What needs to be done.
For this task, copy all of the data below exactly and skip the pictures.

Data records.

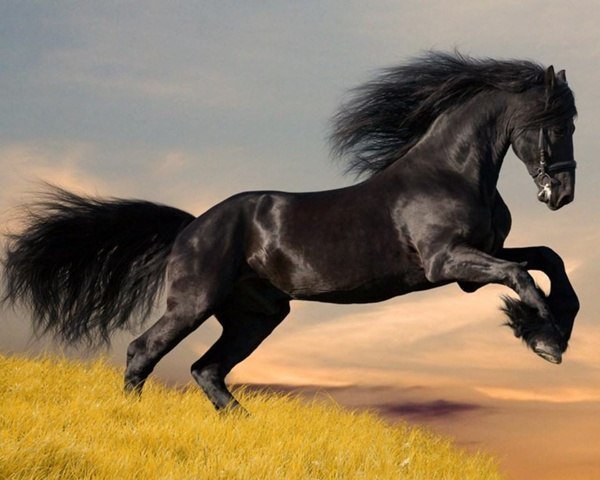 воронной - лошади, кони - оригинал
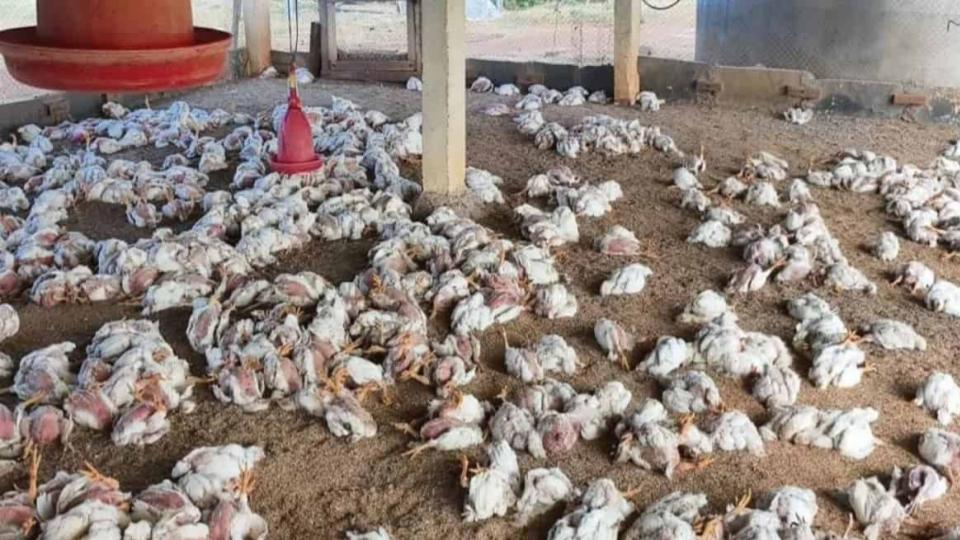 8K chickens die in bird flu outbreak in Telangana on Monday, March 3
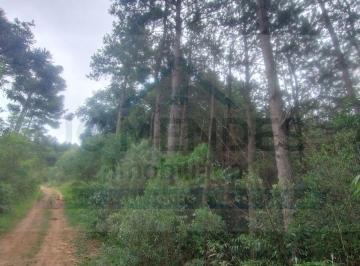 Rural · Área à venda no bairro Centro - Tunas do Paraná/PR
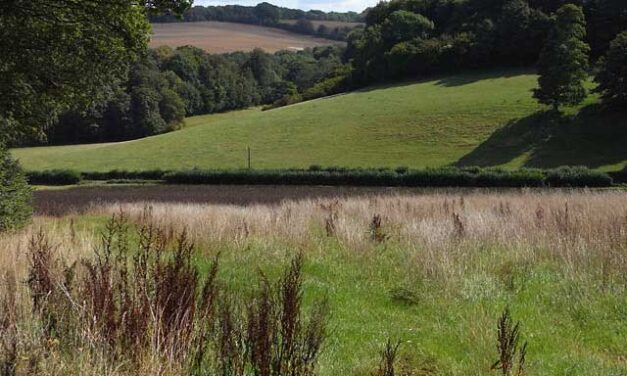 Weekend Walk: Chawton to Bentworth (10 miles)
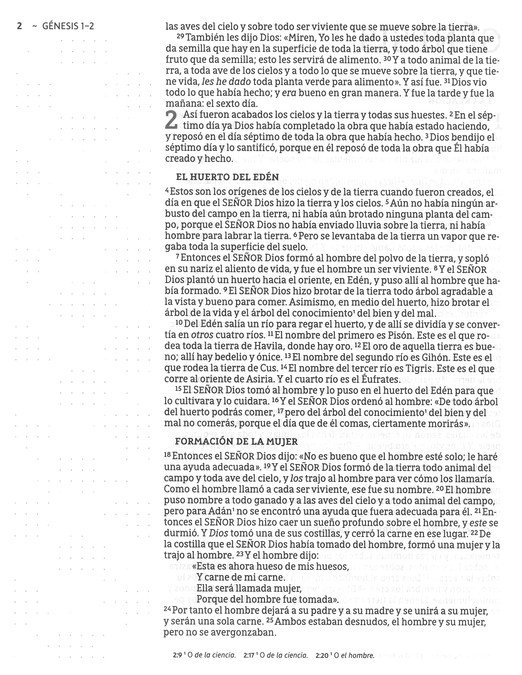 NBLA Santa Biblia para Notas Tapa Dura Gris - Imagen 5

Finished exercise.
 воронной - лошади, кони - оригинал
 8K chickens die in bird flu outbreak in Telangana on Monday, March 3
 Rural · Área à venda no bairro Centro - Tunas do Paraná/PR
 Weekend Walk: Chawton to Bentworth (10 miles)
 NBLA Santa Biblia para Notas Tapa Dura Gris - Imagen 5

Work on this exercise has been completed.